A report from Wednesday, March 2nd, at the Shepherd’s Conference in California.

Early in my quest for truth, the Spirit of God used John MacArthur to feed my soul and answer some of my questions when I wasn’t getting answers anywhere else. The Lord began to impress upon my soul the glories of salvation as well as the demands of the gospel by using John. I was a much younger man when leaders in our movement began to denounce him for something about the blood. By that time, I was beginning to think for myself, so I picked up a book by John in order to confirm what my trusted leaders were saying. My trusted leaders failed me. Then, the controversy turned to something about — oh, I can’t even remember — lordship? Bought another book. Once again, my teachers failed me. Time and time again, it has been the same type of experience. Now, the big question is perhaps not a theological question, but a practical one. How does one minister in this world as a teacher that can be trusted?

The leaders of my circles keep telling me that it’s not about what John says (I think they have conceded the battle there). No, it’s not about what John teaches, they say, it is about what he does. What he does garbles his message. Compromises it. We want to send a clear signal. MacArthur sends a mixed message.

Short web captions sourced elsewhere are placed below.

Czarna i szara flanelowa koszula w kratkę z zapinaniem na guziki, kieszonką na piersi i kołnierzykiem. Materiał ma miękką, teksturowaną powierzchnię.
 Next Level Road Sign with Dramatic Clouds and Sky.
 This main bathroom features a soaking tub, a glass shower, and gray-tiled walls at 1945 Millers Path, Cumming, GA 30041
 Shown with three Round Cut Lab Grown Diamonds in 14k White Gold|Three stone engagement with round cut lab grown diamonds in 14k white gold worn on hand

Really? How come most of the clarifications I have ever gotten from a contemporary Bible teacher have been through John MacArthur’s ministry? How come all of his opponents have no problem understanding where he stands on the essentials? To whom is he sending an unclear message? Whom is he confusing? These are questions that have been running through my mind for years. I have a default mentality that gives my teachers the benefit of the doubt in spite of my propensities to be to be cynical and hyper-analytical, which propensities I know to be the sinful perversions of wisdom and thoughtfulness.

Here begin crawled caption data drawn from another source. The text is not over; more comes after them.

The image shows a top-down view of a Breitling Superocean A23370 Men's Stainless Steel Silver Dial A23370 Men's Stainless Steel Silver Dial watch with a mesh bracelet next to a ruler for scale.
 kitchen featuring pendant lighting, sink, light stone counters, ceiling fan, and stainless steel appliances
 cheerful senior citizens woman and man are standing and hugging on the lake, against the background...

I came to the Shepherd’s Conference. Got here Monday. I came here prepared to be discerning. Trusted friends are telling me that to cooperate with this man on any level is a sin. Some are a little more broad-minded. It would be sin for them, they say, but they will allow me a little bit of latitude. Nonetheless, something that would be unwise and sinful for a brother that I love and trust, could very likely be unwise and sinful for me, too. To what am I so blinded?

Most of us are fundamentalists because we were born fundamentalists. That’s just a fact. Providentially, we were placed into the environment that nurtured us. I know that’s the first reason why I am a fundamentalist. But I have ventured beyond that. I have studied, prayed, examined positions, analyzed, prayed, critiqued, called upon God, confessed my sins, committed myself to His will, re-examined my doubts, pored over thousands of thousands of pages, determined not to be a man-pleaser, fought in the Spirit, fought in the flesh, asked forgiveness, demonstrated arrogance, prayed, cried, scorned, and prayed. In the end, I’ve become a fundamentalist by conviction.

I’ve also become a fundamentalist without a home. The differentia of fundamentalism, so we are told, is separatism; but no one can really agree on what that distinction is supposed to look like. The safest thing to do is to stay in the warm embrace of our circle of churches and institutions and allow only our teachers to interact with the contamination of other teachers from other circles. Thus, we have no problem allowing leaders in our institutions be tutored by Rick Holland in the D.Min. program at the Master’s Seminary, but God forbid that we should interact with Rick Holland, little peons like us, on the conference level. Apparently, it is not cooperation to sit at someone’s feet as a passive learner to get a degree from them, but it is sinful cooperation to stand beside the same person as an active participator in order to freely speak one’s mind. Doesn’t make sense to me. (I talked briefly with Rick. He’s sort of confused by us. So am I. He told me he wanted to get together sometime this week, but what am I going to say? I’m as nonplussed as he is. And I’m a 35-year-old pastor within the “movement” and with all kinds of attachments to all kinds of places and people within these circles!)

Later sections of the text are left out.